O filósofo cristão Dr. William Lane Craig e o filósofo ateu Dr. Ray Bradley debateram sobre a questão “poderia um Deus amoroso mandar pessoas para o inferno?” na Universidade Simon Fraser, Canadá, em 1994.
Este texto é a transcrição do discurso inicial do Dr. Craig.
Argumentos Introdutórios do Dr. Craig
Obrigado. “Se Deus realmente é amor, então como pode mandar alguém para o inferno?” A questão é quase um vexame para os cristãos hoje.
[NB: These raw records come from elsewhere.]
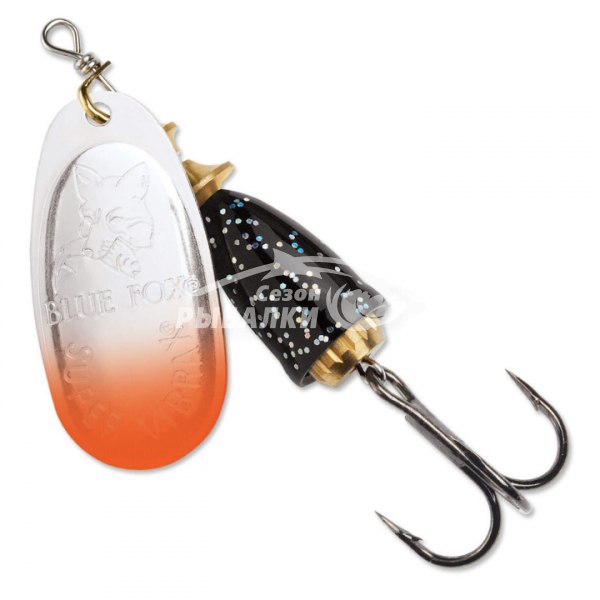 Блесна вращающаяся Blue Fox Vibrax Fluorescent №3 цвет RBF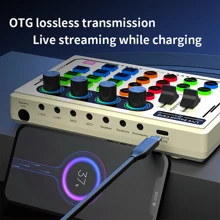 Mezclador de audio profesional NXG compatible con PC, portátil, teléfono inteligente, grabación de juegos, transmisión en vivo, micrófono de condensador para estudio de video - Multicolor - Ver 7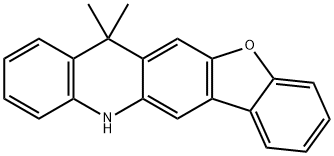 Benzofuro[2,3-b]acridine, 5,13-dihydro
-13,13-dimethyl- 化学構造式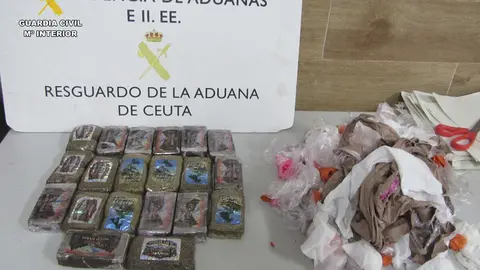 Droga aprehendida en el Puerto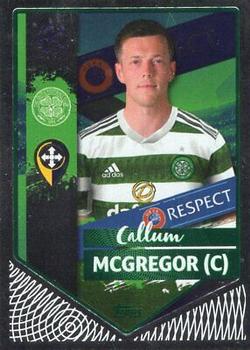 2022-23 Topps UEFA Champions League Sticker Collection - Green Foil #124 Callum McGregor Front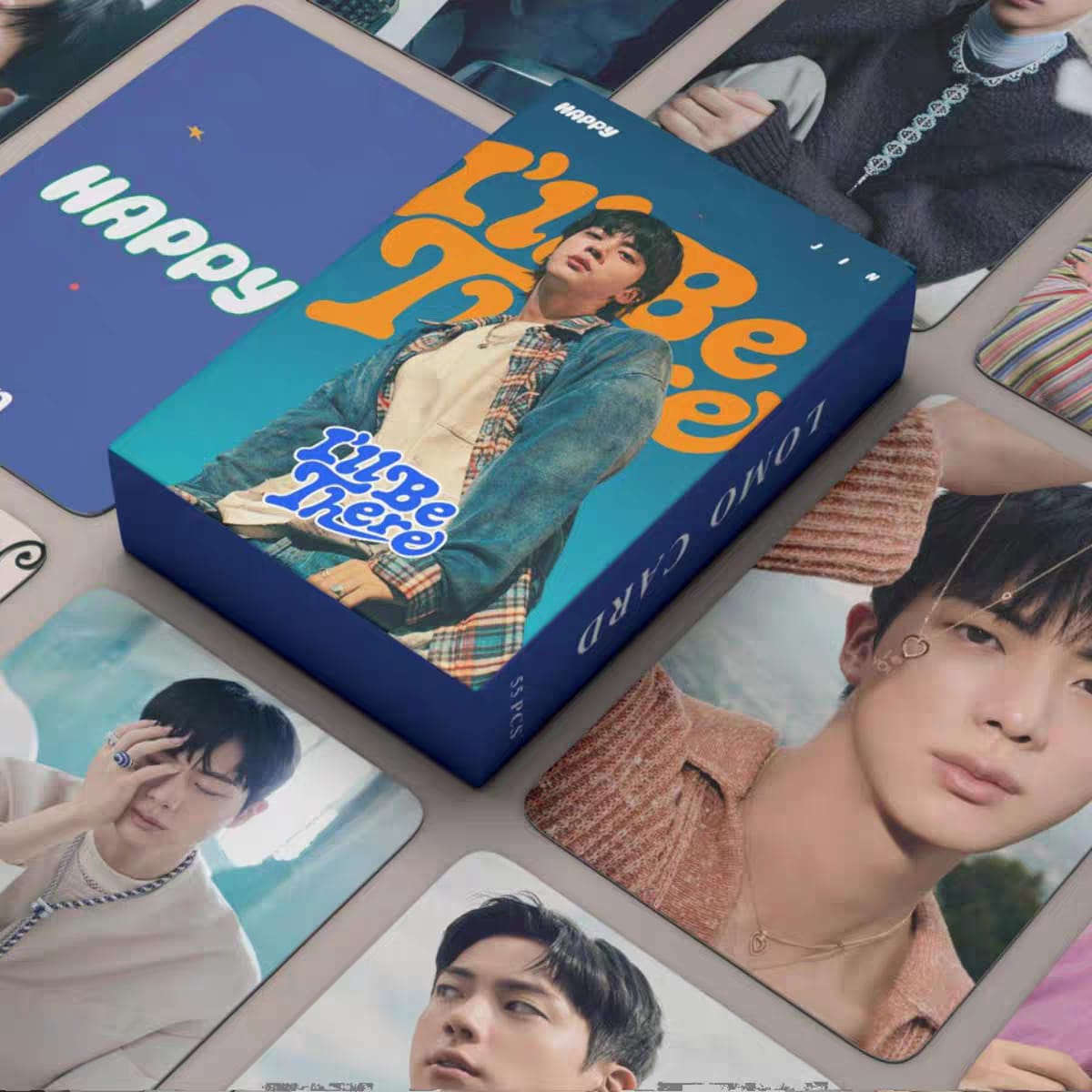 55 cartes photo BTS Jin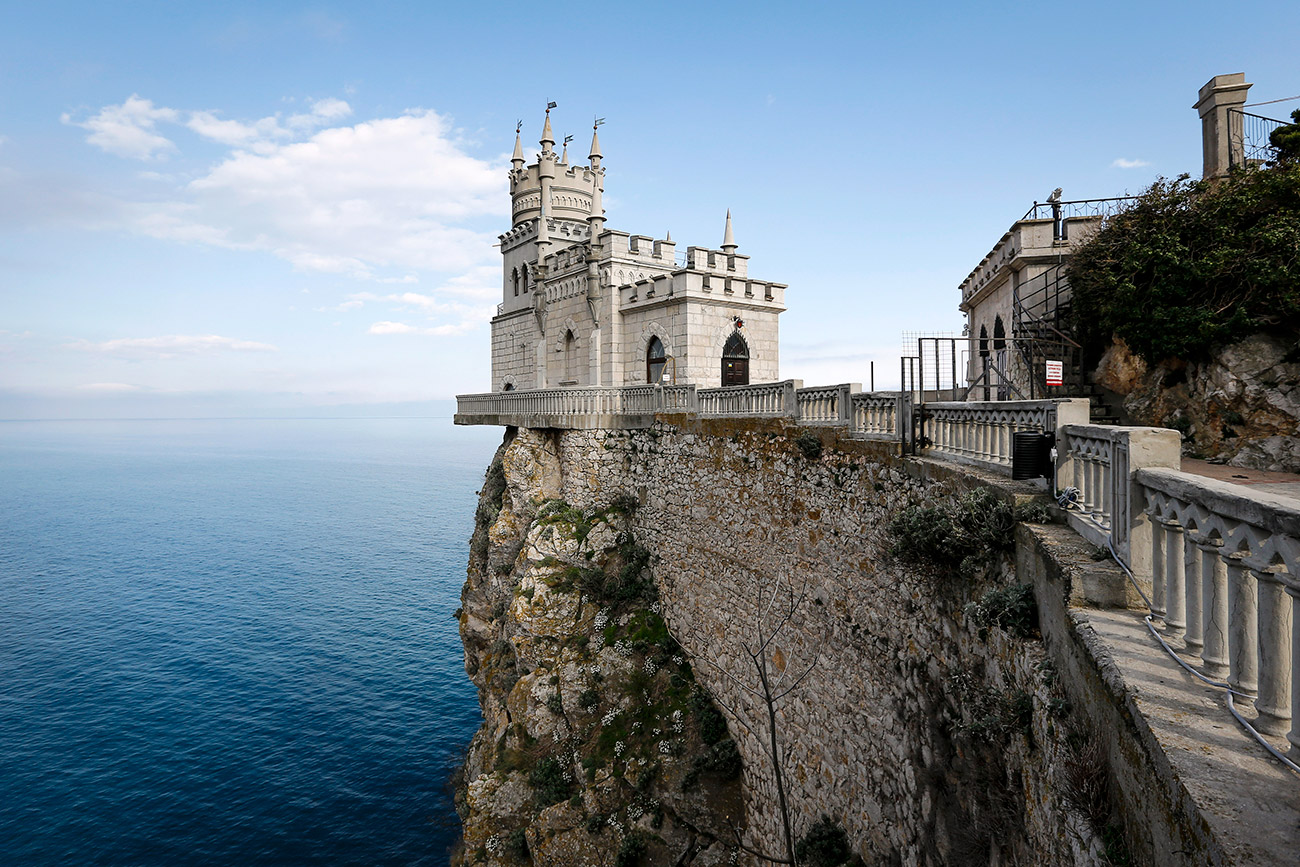 El castillo "El nido de golondrina" cerca de Yalta, Crimea. Fuente: Reuters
Por um lado, a Bíblia ensina que Deus é amor, e ainda, por outro lado, adverte sobre aqueles que rejeitam a Deus perante a punição eterna, e contém avisos freqüentes sobre o perigo de ir para o inferno. Mas não são ambas de alguma forma inconsistentes uma com a outra? Bem, muitas pessoas parecem pensar que são inconsistentes, mas na verdade isto não é de todo óbvio. Afinal, não existe uma contradição explícita entre elas. A frase “Deus é amor” e “Algumas pessoas vão para o inferno” não são explicitamente contraditórias. Então se essas são ambas inconsistentes, devem existir algumas pressuposições implícitas que serviriam para extrair a contradição e torná-la explícita.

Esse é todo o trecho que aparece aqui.